Captioned web image data:
=== Begin Enclosure ===

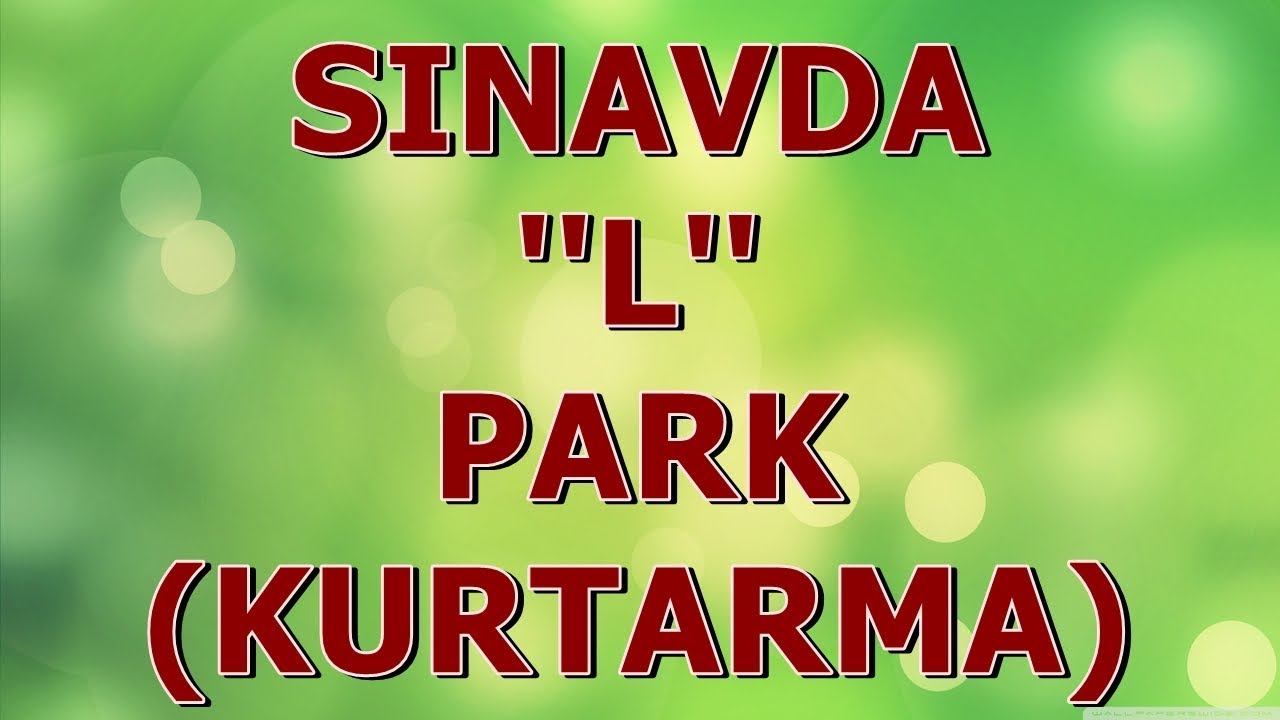 SINAVDA ''L'' PARK(KURTARMA)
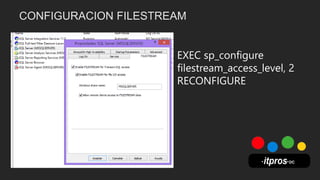 EXEC sp_configure
filestream_access_level, 2
RECONFIGURE
 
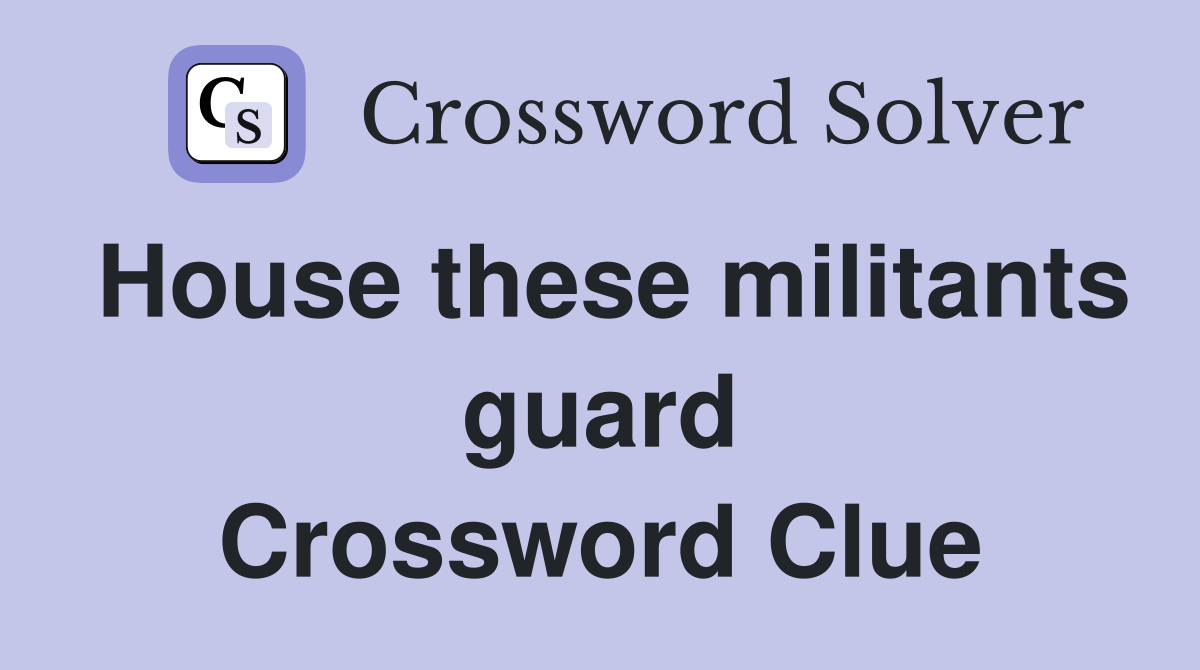 House these militants guard Crossword Clue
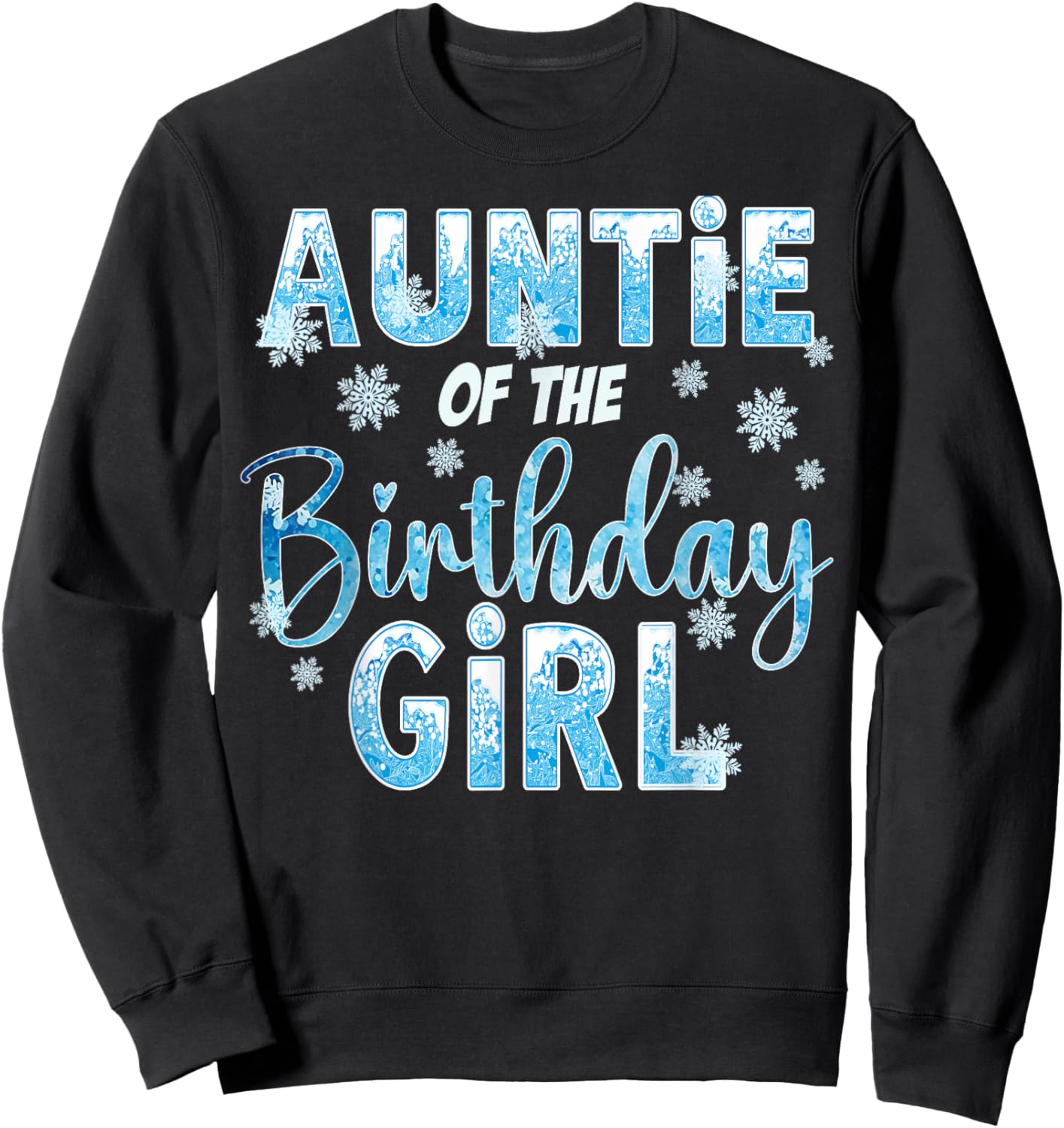 Auntie Of The Birthday Girl Snowflakes Themed Matching Sweatshirt - Sweatshirt | Black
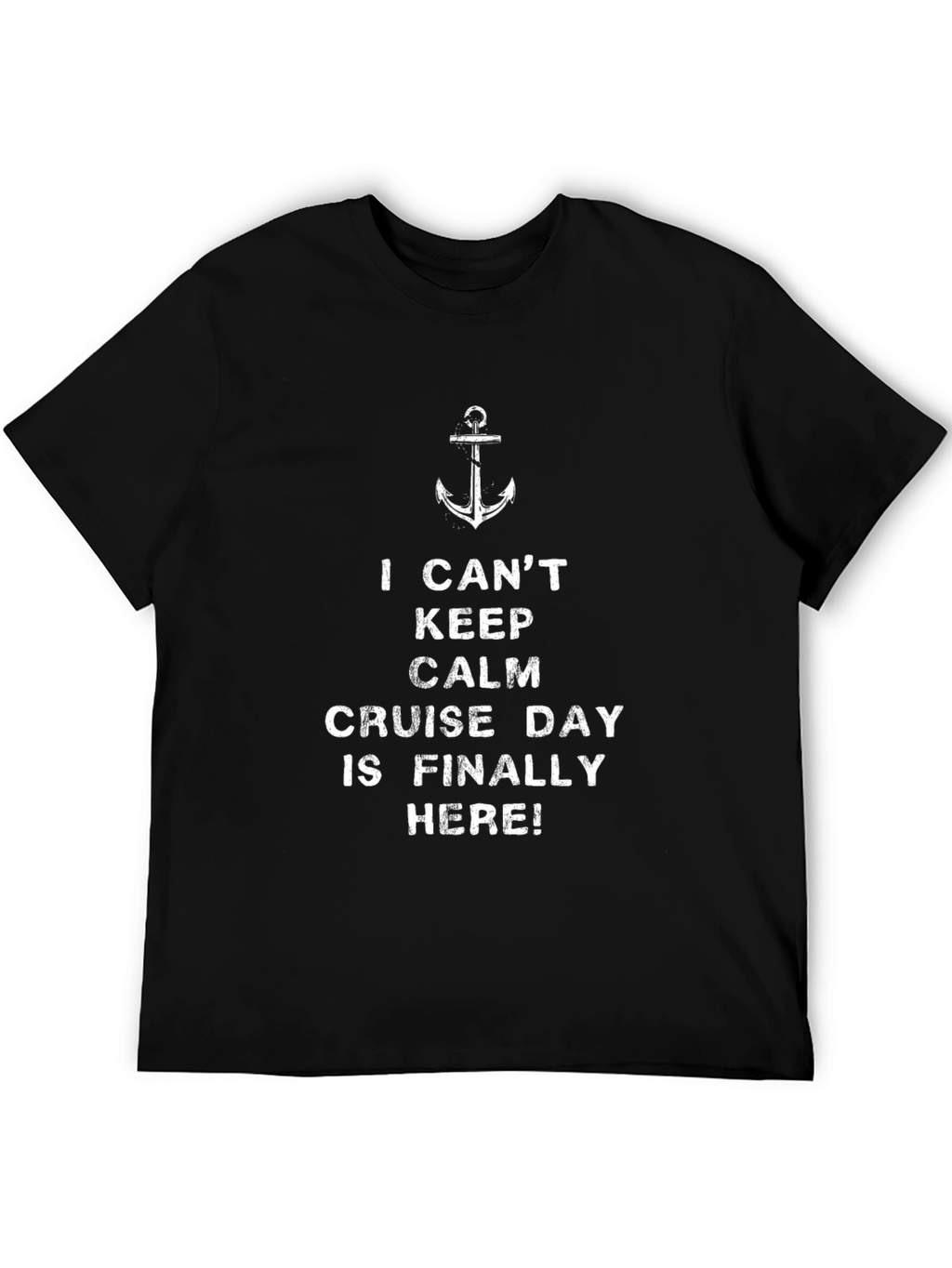 Cruise Day T-Shirt - I Cant Keep Calm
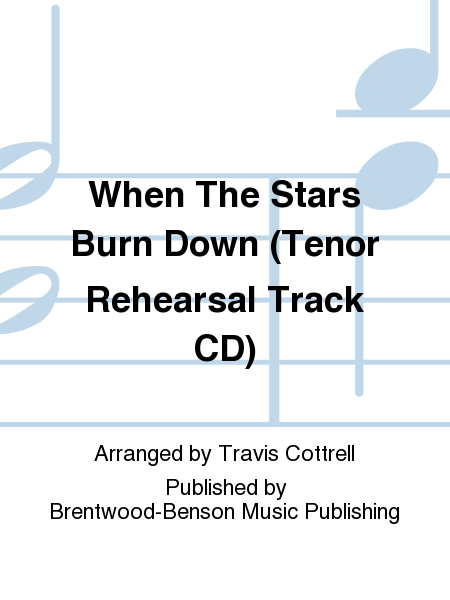 When The Stars Burn Down (Tenor Rehearsal Track CD)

=== End Enclosure ===

Copy every line of the data word for word, omitting the images.

 SINAVDA ''L'' PARK(KURTARMA)
 EXEC sp_configure
filestream_access_level, 2
RECONFIGURE
 
 House these militants guard Crossword Clue
 Auntie Of The Birthday Girl Snowflakes Themed Matching Sweatshirt - Sweatshirt | Black
 Cruise Day T-Shirt - I Cant Keep Calm
 When The Stars Burn Down (Tenor Rehearsal Track CD)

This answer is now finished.